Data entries
━━━━━━━━━━━━━━━━━━━━━━━━━━━━━━
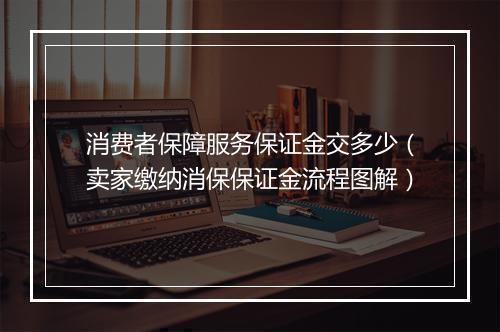 消费者保障服务保证金交多少（卖家缴纳消保保证金流程图解）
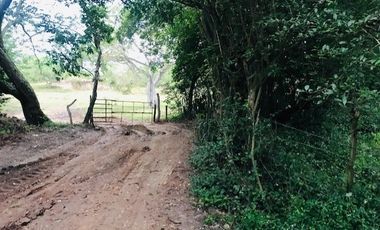 lote en venta en santa ana. Cod V14366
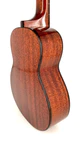 aNueNue AMM2 Konzert Ukulele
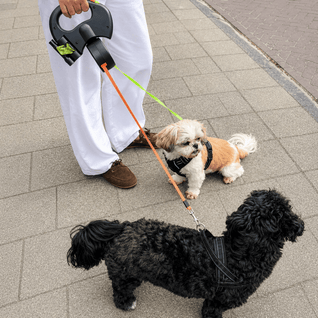 Komavic Dual Retractable Dog Leash for 2 Dogs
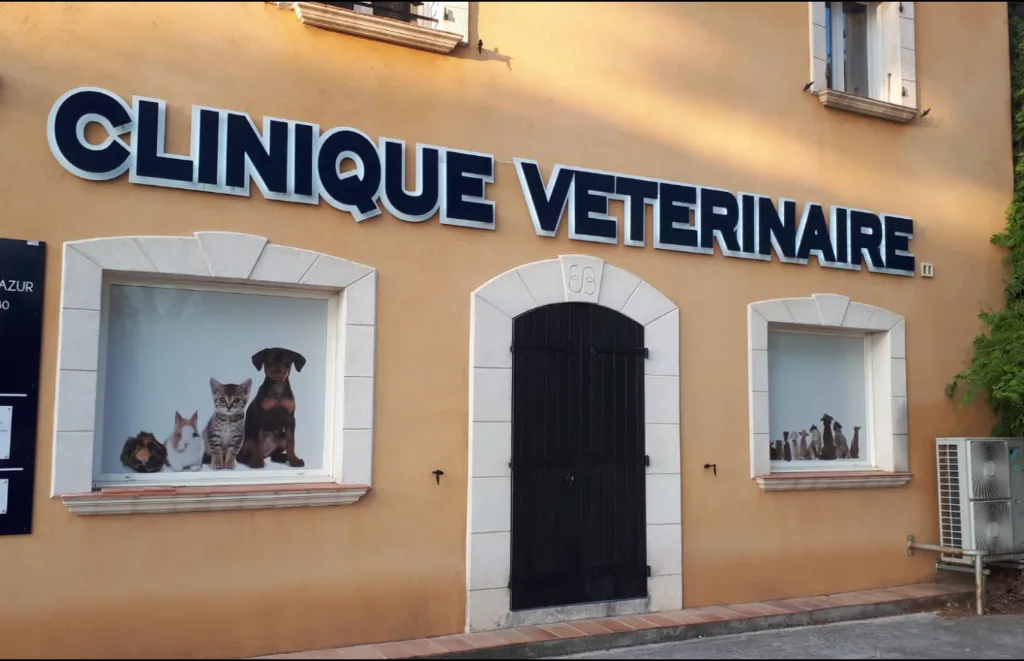Clinique Veterinaire Vet'azur SELARL - photo 1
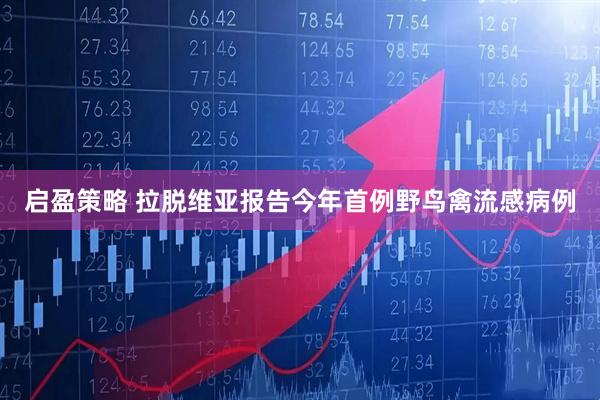 启盈策略 拉脱维亚报告今年首例野鸟禽流感病例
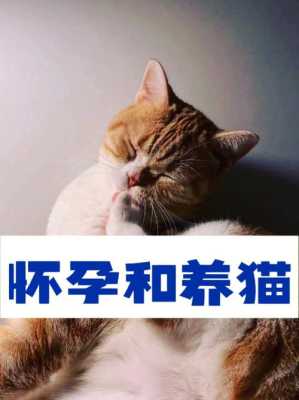 备孕期间能养猫吗（有宠物猫怀孕前需要做什么检查）  第3张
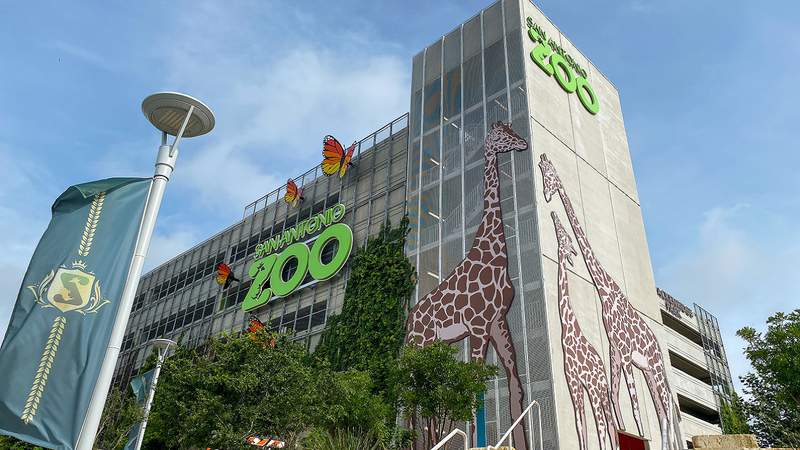 Giant tiger, giraffes adorn new zoo structure dubbed ‘the most beautiful parking garage on the planet’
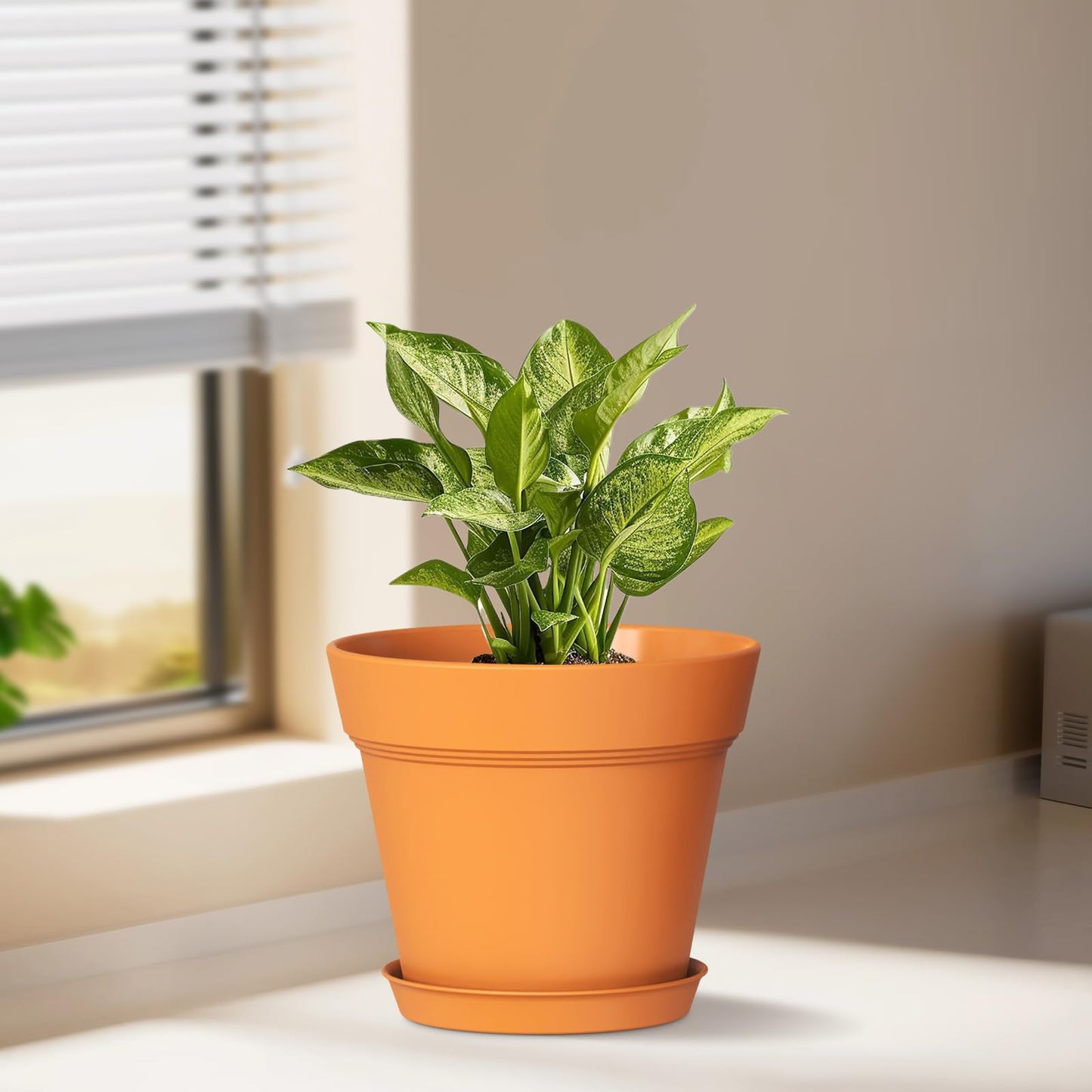 WSMKSZ 5 Inch Plastic Plant Pots with Drainage Holes and Trays – 6 Pack Small Nursery Pots for Indoor & Outdoor House Plants and Flowers, Seedling Starter Planters, Terracotta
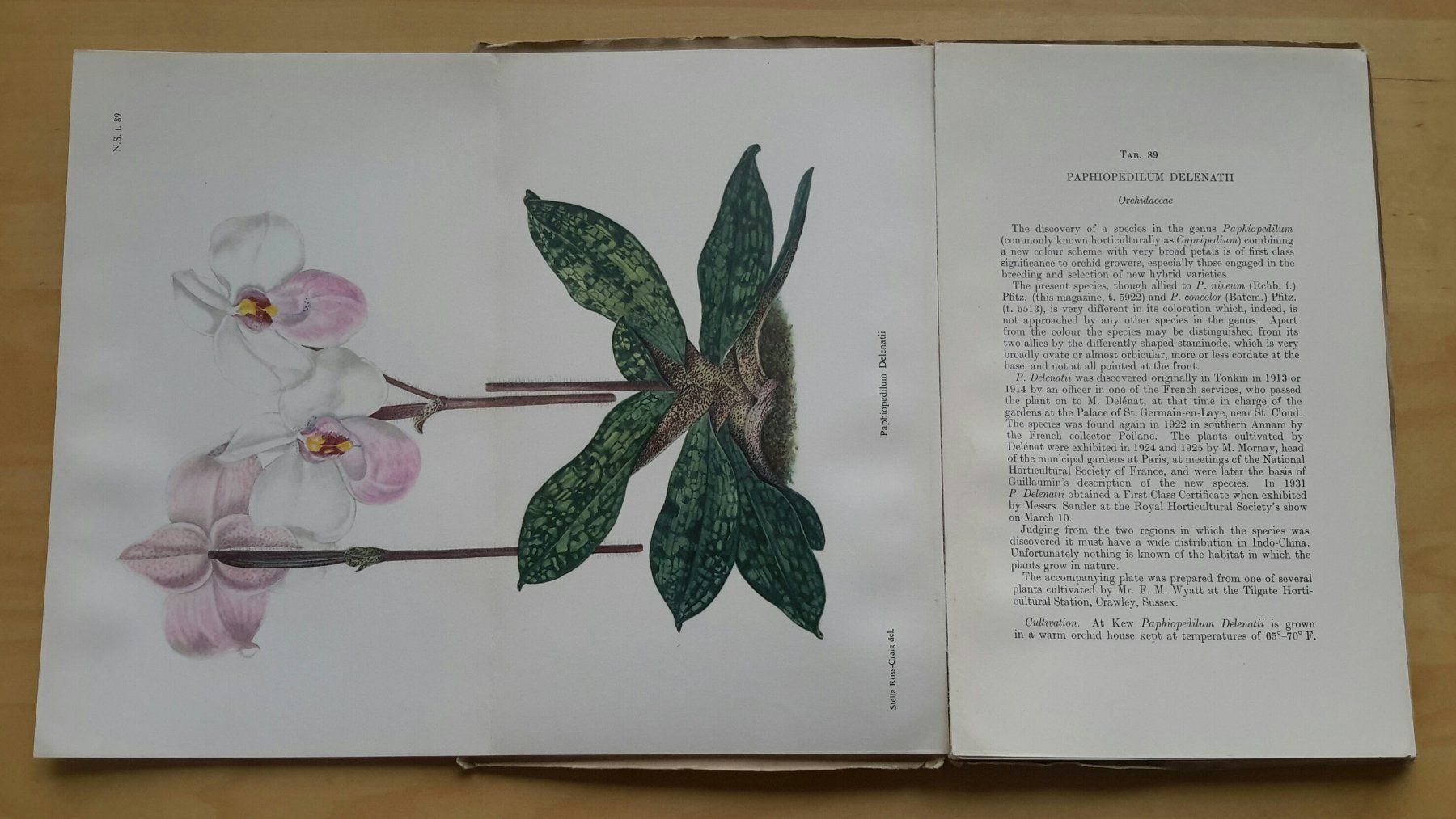 Libri: Curtis's  "Botanical Magazine" , Vol. 167 , 1950 . – Nuovo (secondo la descrizione) da Burgdorf venduto da Olli.34 1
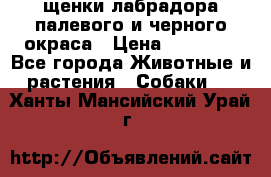 щенки лабрадора палевого и черного окраса › Цена ­ 30 000 - Все города Животные и растения » Собаки   . Ханты-Мансийский,Урай г.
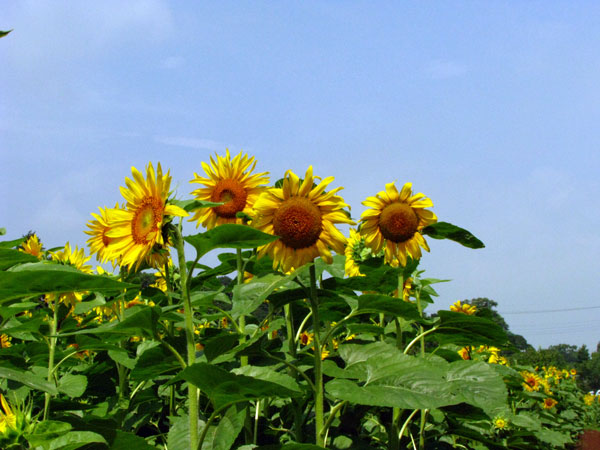 ひまわり畑あけぼの山農業公園☆千葉県柏市布施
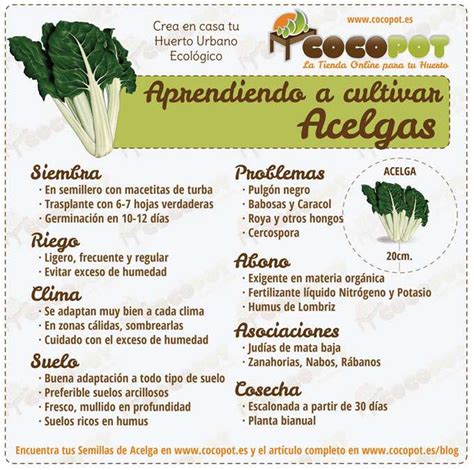 Guía completa para el cultivo de la acelga consejos cuidados y variedades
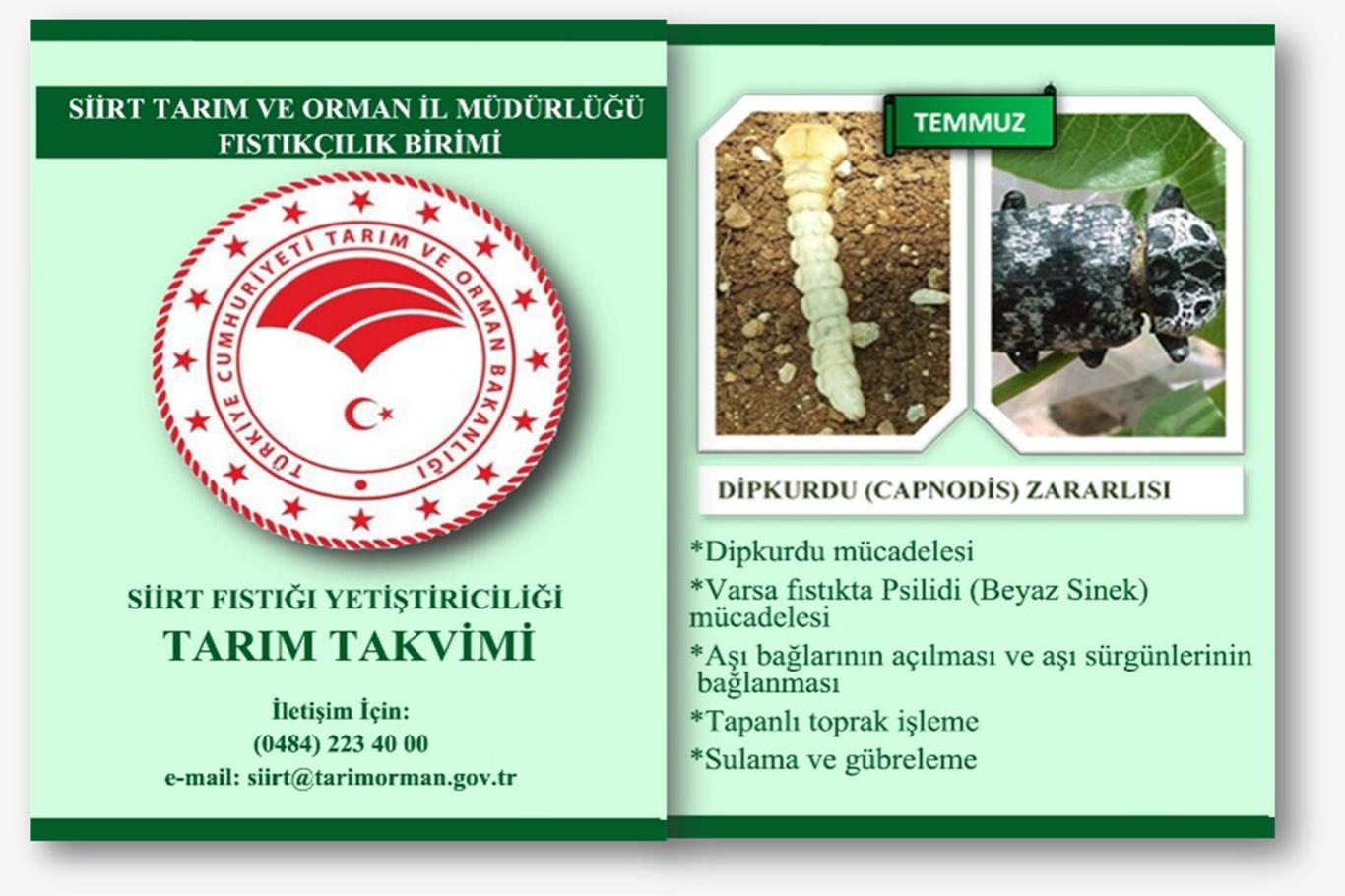 Fıstıkçılık Birimi'nden önemli duyuru Fıstıkçılık Birimi'nden önemli duyuru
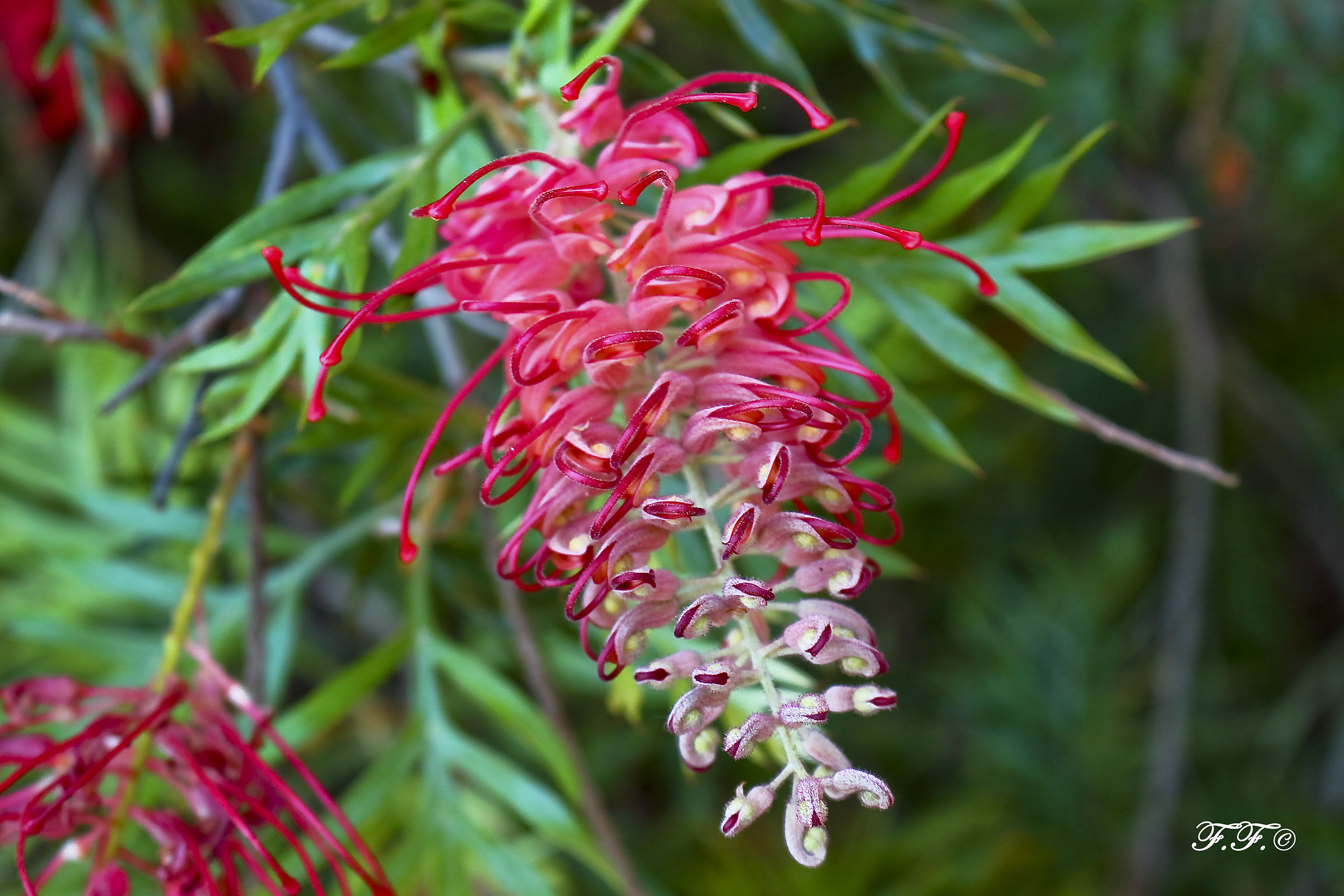 Giardino psichedelico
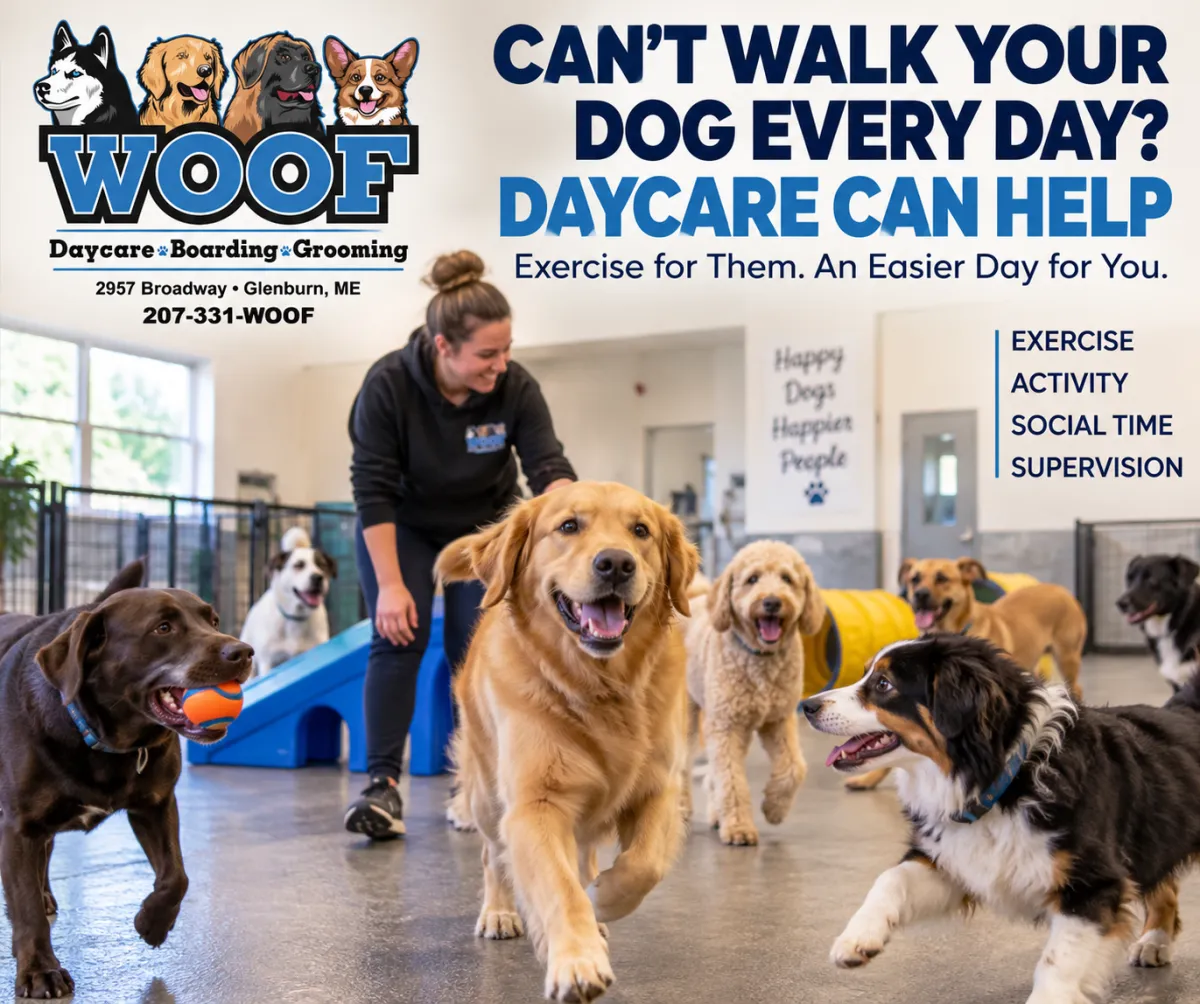 Your Dog Needs Exercise. What If You Cannot Walk Them Every Day?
━━━━━━━━━━━━━━━━━━━━━━━━━━━━━━
TASK DIRECTIONS
From the line that holds "щенки лабрадора палевого" to the last line of the data, return those lines exactly and nothing else; both ends count, and pictures stay out.

ANSWER TO THE EXERCISE
 щенки лабрадора палевого и черного окраса › Цена ­ 30 000 - Все города Животные и растения » Собаки   . Ханты-Мансийский,Урай г.
 ひまわり畑あけぼの山農業公園☆千葉県柏市布施
 Guía completa para el cultivo de la acelga consejos cuidados y variedades
 Fıstıkçılık Birimi'nden önemli duyuru Fıstıkçılık Birimi'nden önemli duyuru
 Giardino psichedelico
 Your Dog Needs Exercise. What If You Cannot Walk Them Every Day?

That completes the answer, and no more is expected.